71 +class _TTYStringIO(StringIO):
78 +class _NonTTYStringIO(StringIO):

I don't think we want the leading '_' here. Those are helper classes (and
there is even "113 + TTYStringIO = _TTYStringIO" which seems even weirder.

142 + self._encoding = getattr(term_file, "encoding", "ascii")

Don't we want to default to utf8 instead ?

159 + # GZ 2012-03-28: Counting bytes is wrong for calculating width of
160 + # text but better than counting codepoints.

Can you just briefly add (in this comment) a description of what you think
should be done (or even better file a bug and just reference it there) ?
Just from reading the comment, I'm not sure if we should blame python for
not providing an easy way to do that or what *we* need to do there.

155 + def _show_line(self, u):

Worth a trivial docstring mentioning 'u' means: 'We expect unicode'

review: Needs Fixing

Revision history for this message

Martin Packman (gz) wrote on 2012-03-29:

#

Download full text (3.3 KiB)

> 71 +class _TTYStringIO(StringIO):
> 78 +class _NonTTYStringIO(StringIO):
>
> I don't think we want the leading '_' here.

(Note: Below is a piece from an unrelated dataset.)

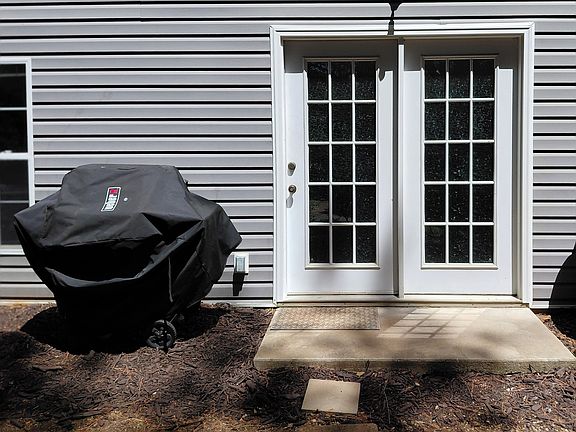 Private entrance with dedicated outdoor area and grill access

Those are helper classes (and
> there is even "113 + TTYStringIO = _TTYStringIO" which seems even weirder.

Okay, can do, as I'm touching those lines anyway with the module move.

> 142 + self._encoding = getattr(term_file, "encoding", "ascii")
>
> Don't we want to default to utf8 instead ?

Not really, this class is just for printing to a terminal, so we don't have the case of redirecting to a file to be concerned with. If we print bytes that the term doesn't support, at best we get replacement characters, and generally we'll get random junk. Given the way gettext and locales work, users shouldn't ever hit a situation where translations are installed but the terminal doesn't support them.

> 159 + # GZ 2012-03-28: Counting bytes is wrong for calculating width of
> 160 + # text but better than counting codepoints.
>
> Can you just briefly add (in this comment) a description of what you think
> should be done (or even better file a bug and just reference it there) ?
> Just from reading the comment, I'm not sure if we should blame python for
> not providing an easy way to do that or what *we* need to do there.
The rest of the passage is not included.